The upward trend of the German economy has been weakened by the Iran war. The economic barometer of the German Institute for Economic Research (DIW) rose slightly in April, but is below the four-year high in February. Nevertheless, it is still above last year’s values.
“The geopolitical escalation is hitting the German economy in a phase in which a dynamic recovery has just emerged,” said DIW economics director Geraldine Dany-Knedlik. “Rising energy prices and the high level of uncertainty are likely to slow the further upswing.”
The war in the Middle East that began on February 28th has driven up oil and gas prices. This leads to an increase in all prices. Rising costs for companies, weakened global demand and increasing risks for international supply chains are dampening sentiment. Private households are also spending less money.
All of this is dampening both German foreign trade and the domestic German economy, whose strength had previously stabilized the overall economy.
Special funds stabilize the economy – but only a little
According to the DIW, government investments in the areas of defense, infrastructure and climate transformation stabilize the economy. However, this effect would currently be overshadowed by the external burdens.

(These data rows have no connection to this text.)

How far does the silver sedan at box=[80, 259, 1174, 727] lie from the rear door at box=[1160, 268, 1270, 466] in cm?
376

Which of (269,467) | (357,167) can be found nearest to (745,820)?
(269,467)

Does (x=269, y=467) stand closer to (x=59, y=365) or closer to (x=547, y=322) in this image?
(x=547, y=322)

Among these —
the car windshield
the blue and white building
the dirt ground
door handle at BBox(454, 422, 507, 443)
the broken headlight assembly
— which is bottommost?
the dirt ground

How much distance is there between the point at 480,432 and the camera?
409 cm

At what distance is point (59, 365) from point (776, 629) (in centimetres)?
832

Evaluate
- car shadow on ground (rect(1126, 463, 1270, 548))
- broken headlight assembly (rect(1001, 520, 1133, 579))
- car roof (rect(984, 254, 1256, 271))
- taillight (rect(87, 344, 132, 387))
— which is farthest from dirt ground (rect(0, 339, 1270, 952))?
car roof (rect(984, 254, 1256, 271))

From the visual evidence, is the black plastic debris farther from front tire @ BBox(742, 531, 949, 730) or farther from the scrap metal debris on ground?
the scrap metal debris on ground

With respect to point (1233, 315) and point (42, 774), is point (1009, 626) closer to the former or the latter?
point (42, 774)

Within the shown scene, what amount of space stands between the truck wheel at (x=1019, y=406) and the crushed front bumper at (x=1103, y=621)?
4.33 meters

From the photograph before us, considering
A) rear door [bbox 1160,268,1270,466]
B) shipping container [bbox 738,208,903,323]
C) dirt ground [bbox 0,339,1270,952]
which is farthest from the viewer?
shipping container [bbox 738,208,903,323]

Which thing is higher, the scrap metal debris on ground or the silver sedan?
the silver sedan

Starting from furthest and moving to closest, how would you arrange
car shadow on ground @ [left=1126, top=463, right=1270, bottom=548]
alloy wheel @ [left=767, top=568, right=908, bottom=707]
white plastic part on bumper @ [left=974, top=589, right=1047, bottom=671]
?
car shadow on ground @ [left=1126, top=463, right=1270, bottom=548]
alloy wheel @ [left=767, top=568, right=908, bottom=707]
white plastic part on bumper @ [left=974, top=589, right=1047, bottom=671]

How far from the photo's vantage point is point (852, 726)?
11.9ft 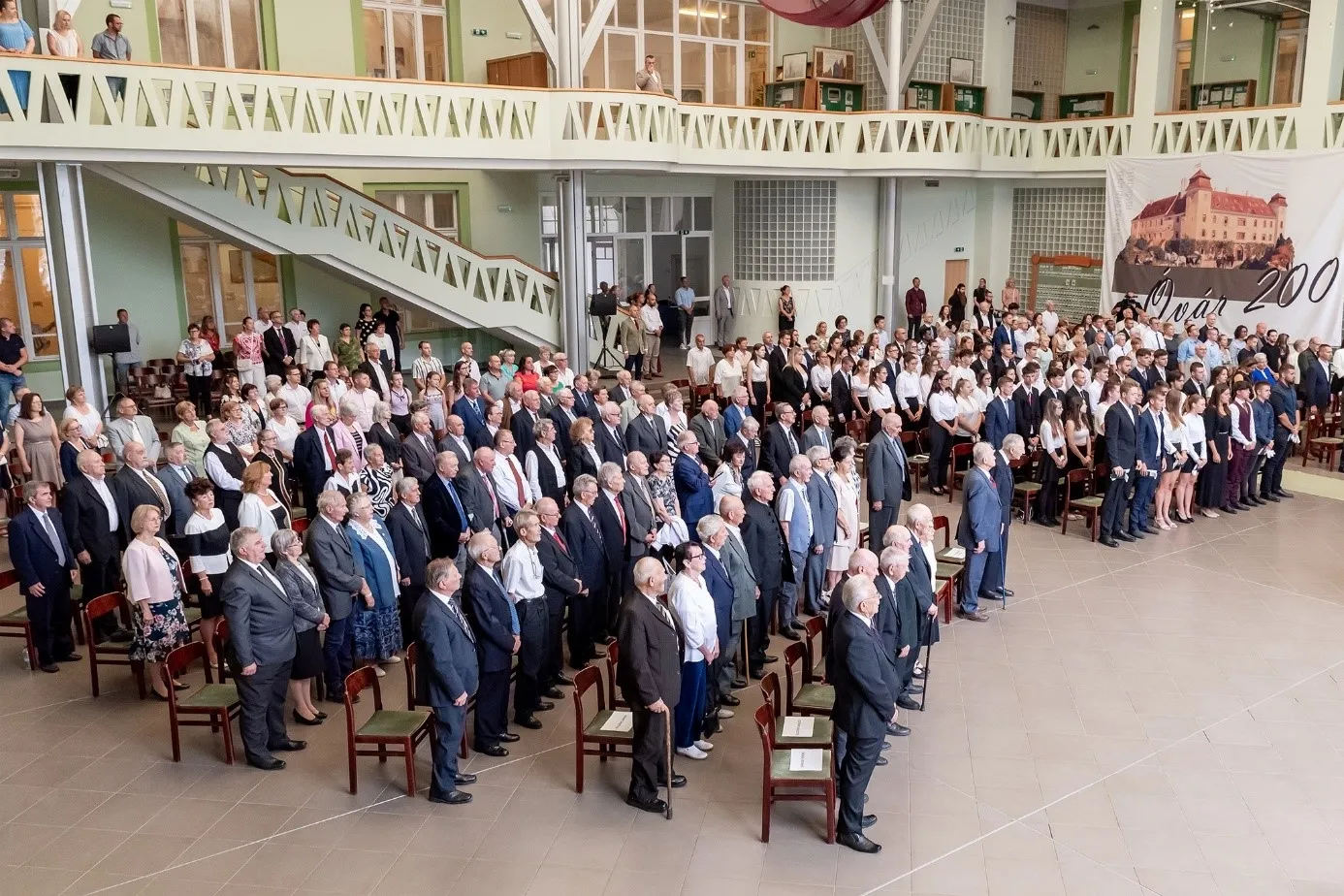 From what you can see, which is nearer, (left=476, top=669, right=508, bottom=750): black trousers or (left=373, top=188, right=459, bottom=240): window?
(left=476, top=669, right=508, bottom=750): black trousers

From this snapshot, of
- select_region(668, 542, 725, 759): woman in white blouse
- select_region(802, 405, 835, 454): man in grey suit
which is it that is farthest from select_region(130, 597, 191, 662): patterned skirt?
select_region(802, 405, 835, 454): man in grey suit

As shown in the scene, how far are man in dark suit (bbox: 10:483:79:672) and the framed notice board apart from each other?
64.2ft

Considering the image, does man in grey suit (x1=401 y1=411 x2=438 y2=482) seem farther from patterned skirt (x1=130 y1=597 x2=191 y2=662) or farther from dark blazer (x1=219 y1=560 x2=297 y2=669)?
dark blazer (x1=219 y1=560 x2=297 y2=669)

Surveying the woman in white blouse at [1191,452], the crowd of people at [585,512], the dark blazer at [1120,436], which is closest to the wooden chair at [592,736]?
the crowd of people at [585,512]

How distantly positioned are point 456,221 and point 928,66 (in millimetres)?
9931

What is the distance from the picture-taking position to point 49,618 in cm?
840

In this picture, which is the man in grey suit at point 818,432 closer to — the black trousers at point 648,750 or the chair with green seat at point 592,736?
the chair with green seat at point 592,736

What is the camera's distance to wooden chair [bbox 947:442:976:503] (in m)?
12.5

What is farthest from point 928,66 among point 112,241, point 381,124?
point 112,241

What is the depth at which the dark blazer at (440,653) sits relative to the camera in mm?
6324

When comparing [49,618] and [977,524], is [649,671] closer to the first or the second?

According to the DIW, the mood in the industry remains weak. “The already subdued willingness of companies to invest is being further weakened by the current tension,” said DIW economic expert Laura Pagenhardt. »The high level of uncertainty about geopolitical developments, energy prices and the global economy makes planning much more difficult and is slowing down the initial improvement in the industry.«
The mood in the service sector is also deteriorating. The declining purchasing power of households is dampening the consumer climate and clouding expectations, said the DIW.